Were you a Twisted Sister fan back then?
No. I don’t think I had ever heard of them back then and, living in the East Village in Manhattan, I never went to any of those clubs. I did, however grow up in Westchester County which later became part of their touring area so I do kind of feel like I have a direct connection to their audience, but I had already left to go to college by they time they started. Actually my interests and personal tastes come from a very different place, which I think helps the film because I have no agenda other than to tell what I think is a good story, which I think can be appreciated on a universal level.
How much influence did the band have on how the film was made?
Certainly influence in the sense that they provided much of the story that was told in the film, but in terms of what I did with it and how, they left me pretty much alone. They seemed to like the fact that I came to it not as a fan and had very much my own take on the story. Also I would like to think that we talked about it so much prior to the filming that they had a good idea what to expect from me and felt comfortable enough to trust me.

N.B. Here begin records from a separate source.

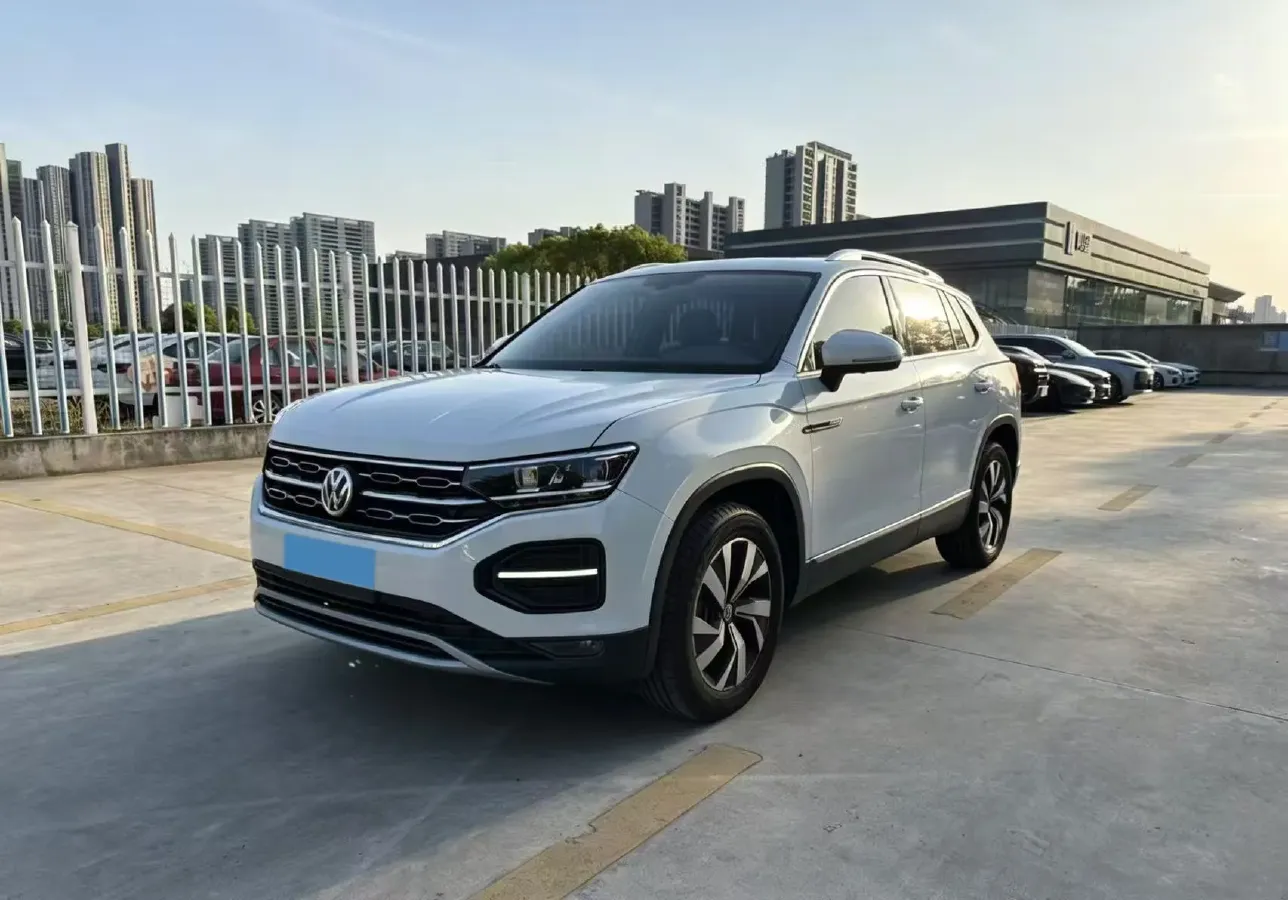 2021 Volkswagen Tayron 2.0T 186HP L4 7DCT,autocango,china used car exporter,china ev exporter,chinese used car exporter,chinese used ev exporter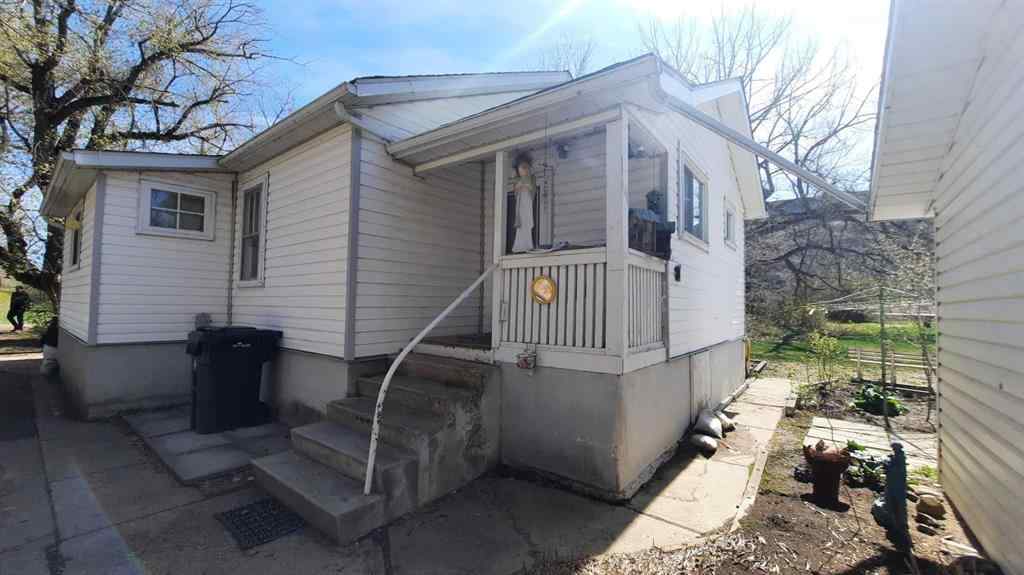 MLS® A2201565 - 227 6 Street  in East Coulee Drumheller, Residential
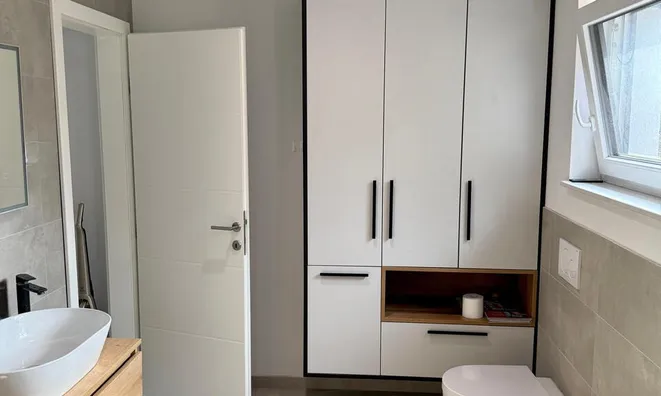 Недвижимость Дом, Малый Липоглав: 12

As to the production and financing, it was my project totally, though they have been very forthcoming with materials and access, and their general support for the project, particularly in the promotion of the film.
Was this a movie made for Twisted Sister fans?
Not specifically. Since I didn’t come to it as a fan myself, I didn’t have that kind of mindset going into it at all. The only fans I knew were ones I talked to for the research and the few fans who appeared in the film. Plus as I was making it and trying out material on people I knew, none of them were fans so I wasn’t even getting that kind of reaction from people. I am happy to say that people I showed it to in the working stages appreciated it for the story and for the characters even though a lot of them didn’t know the band and some who did, didn’t necessarily like them. The common response was that people were actually surprised they liked the movie and came away with a lot of respect for the band members. When I finally did have my first show for fans and people involved with the band, I was pretty apprehensive because I didn’t know how they would react. Luckily they liked it a lot and while you can’t please everyone, I’m glad of all the support the fans have showed the movie so far. At the same time, I hope that the film will find a wider audience in people that can appreciate it as a good and entertaining story.